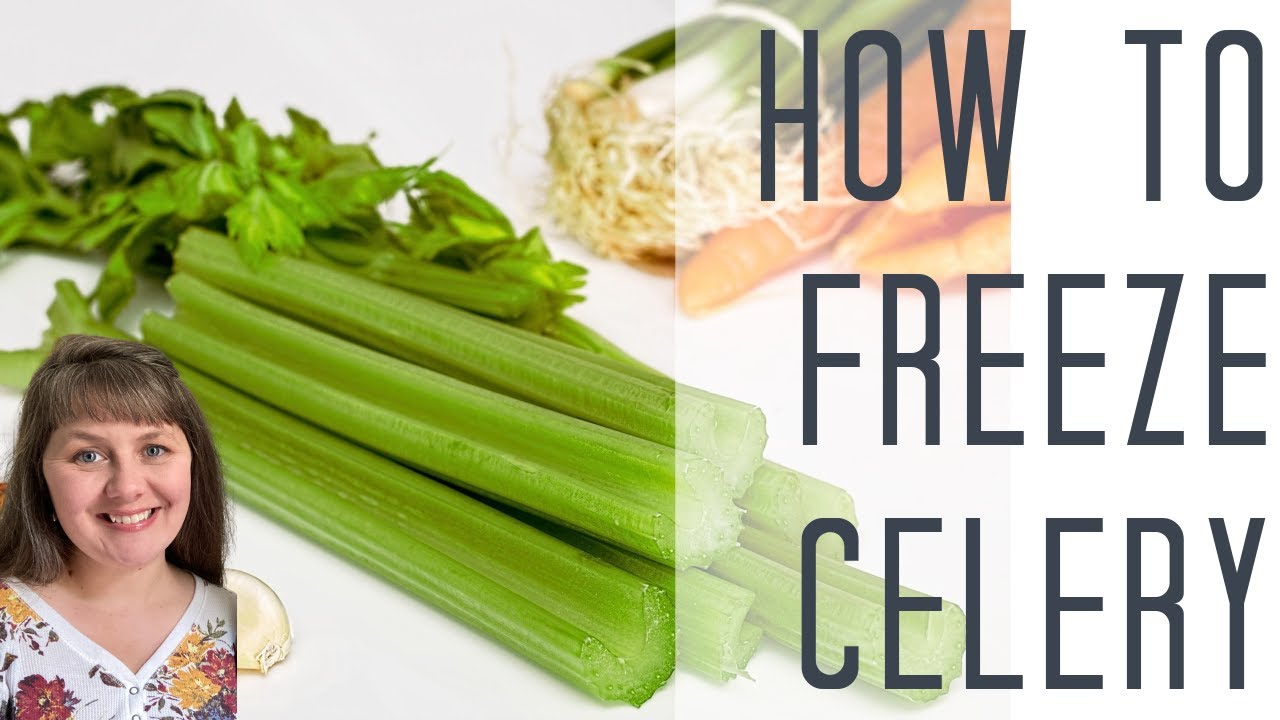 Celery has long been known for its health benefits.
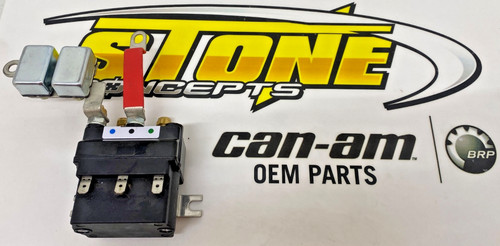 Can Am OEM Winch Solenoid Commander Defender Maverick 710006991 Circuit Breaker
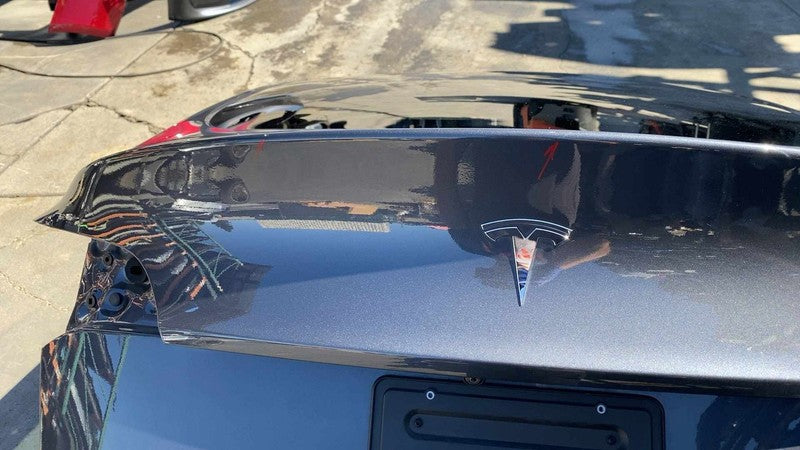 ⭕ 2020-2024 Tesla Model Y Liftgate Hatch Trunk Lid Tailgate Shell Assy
...
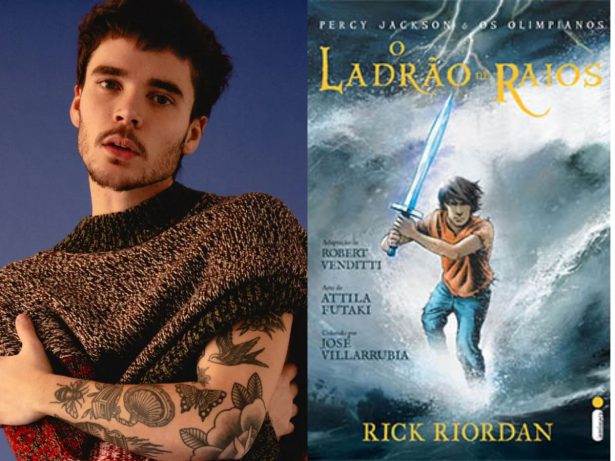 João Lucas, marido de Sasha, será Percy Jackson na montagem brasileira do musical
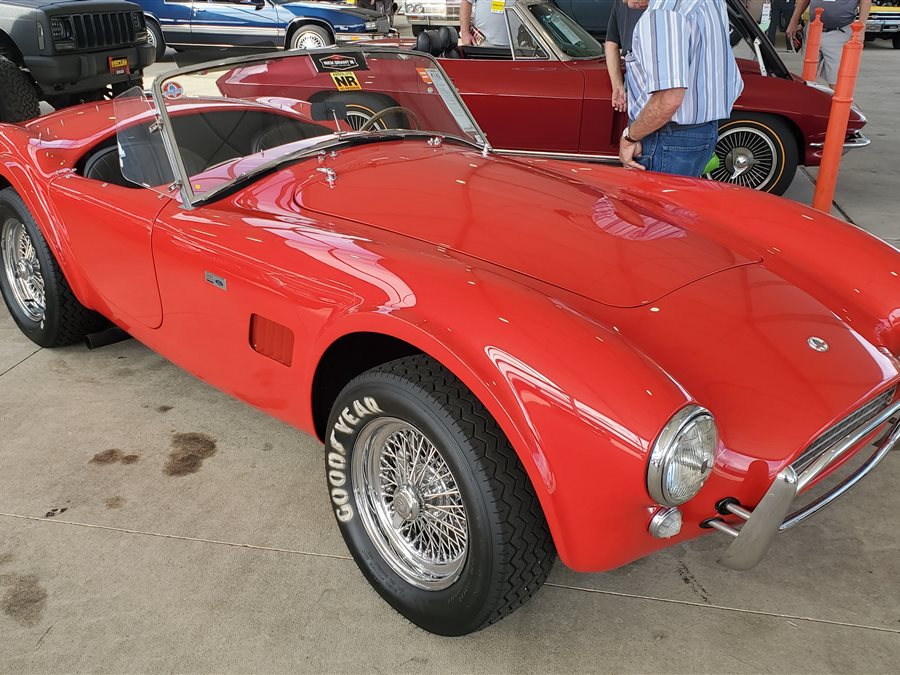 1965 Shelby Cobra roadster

WHAT YOU ARE ASKED TO DO - Copy exactly the lines of the listing above between the one holding "Can Am OEM Winch" and the one holding "Tailgate Shell Assy", inclusive; omit all pictures.

ANSWER BELOW -
 Can Am OEM Winch Solenoid Commander Defender Maverick 710006991 Circuit Breaker
 ⭕ 2020-2024 Tesla Model Y Liftgate Hatch Trunk Lid Tailgate Shell Assy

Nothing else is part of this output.